French retailer Carrefour has revealed it is having difficulty tracing the source of accounting issues at its operations in Brazil, which have led to the world's second-largest retailer to cut its profit target for 2010.

Speaking to analysts yesterday (30 November) after Carrefour admitted it would incur higher costs in Brazil than first thought, CEO Lars Olofsson said it was "hard to chase back [the] original accounting issues", which, he added had been accumulating for "possibly more than five years".

The company announced that following a series of audits, the company will record EUR550m in one-off charges from its Brazilian business, against the EUR180m previously estimated in mid-October when it first shaved its 2010 profit goal.

Carrefour CFO Pierre Bouchut said the EUR550m of charges included a EUR110m inventory write-down, EUR280m for provisions for potential labour and tax litigation, EUR35m in supplier rebates, EUR75m in asset depreciation, and EUR50m of other accounting adjustments, including supplier credit of EUR22m.

The issues in Brazil have been a central factor behind the retailer cutting its operating profit target by EUR130m to EUR3bn for 2010.

Olofsson said there has been a "malfunction in management" and the company is determined to get to the bottom of the causes, and has launched a forensic investigation into issues.

While Olofsson said he "[saw] no reason to extrapolate these issues to other markets". The company has put in place a new management team in Brazil as well as improving internal accountability globally to prevent such issues happening again.

Olofsson said Carrefour has strengthened its core global finance function and will implement a new set of ethics rules from May next year as well as setting up a series of new rules around growth while beefing up its internal audit team.

The issues in Brazil were not the only driver behind the lower forecast. Carrefour cited a EUR50m charge relating to its discontinued Thai operations and a persistently challenging trading environment in Europe.
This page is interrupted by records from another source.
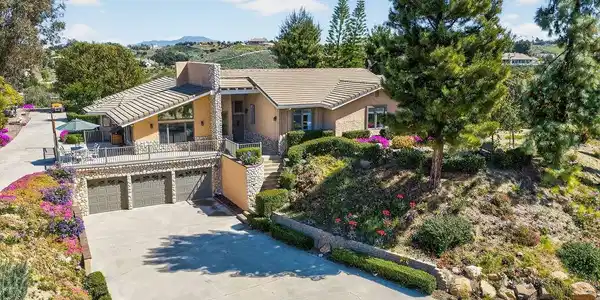 20765 Avenida Castilla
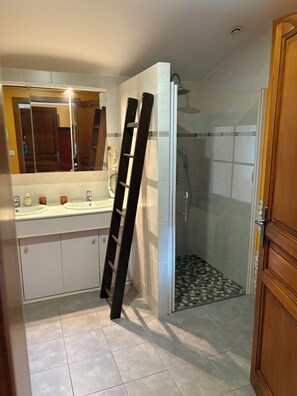 Chuveiro, secador de cabelo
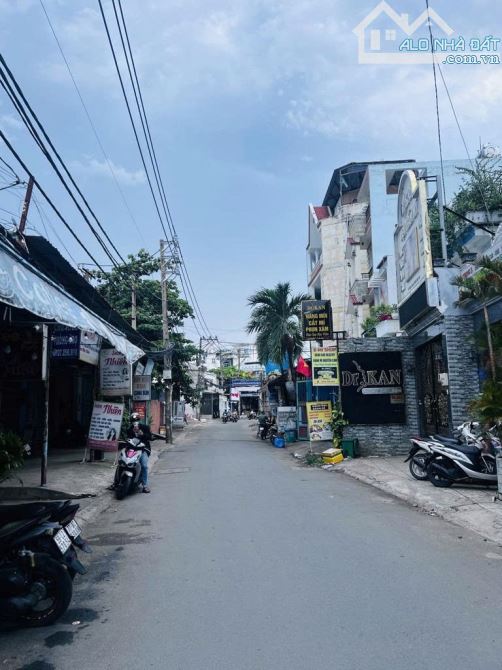 HIẾM - HẺM XE TẢI TRÁNH - SÁT MT PHAN HUY ÍCH GẦN EMART - 6x33 - 4 TẦNG BTCT - SỔ A4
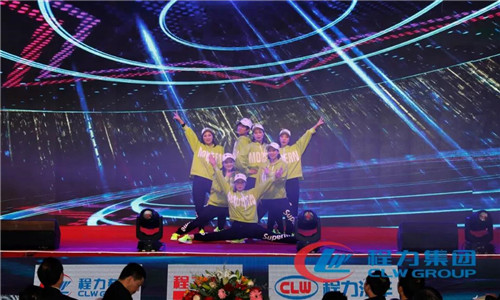 會(huì)上，對(duì)各版塊先進(jìn)集體、個(gè)人，先進(jìn)黨支部進(jìn)行了表彰；在豐富的抽獎(jiǎng)、表演環(huán)節(jié)中，穿插了有員工自我匾牌演出的精彩節(jié)目，受到直播觀眾的熱評(píng)點(diǎn)贊，會(huì)議在熱烈祥和史詩般的典禮中圓滿結(jié)束，落下帷幕。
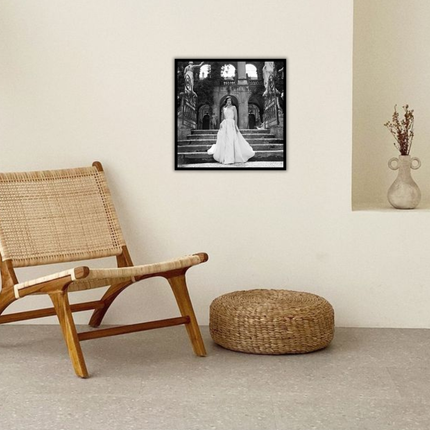 Ingelijste poster 'Woman in white dress'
On the issues plaguing its European operations, Carrefour attributed the fall to the adverse economic environment in Greece, Italy and Spain. Describing slow or even negative sales growth in these markets, Olofsson said "food prices are coming down in Spain due to deflation" and that supermarkets and discount stores were performing better than its hypermarkets. He added that Carrefour has been able to "more or less" maintain profitability in the country due to cost-cutting measures.

Olofsson also highlighted the intensifying competitive landscape in Spain, saying that competition has heated up since September. According to Kantar Worldpanel data, Carrefour has lost market share in Spain but Olofsson said the losses were down due to its competitors opening more space.

However, he added that when taken on a like-for-like basis using Nielsen data, Carrefour's market share in Spain had actually improved.

Shares in the company are down 6.8% at 15:22 CET to EUR32.47.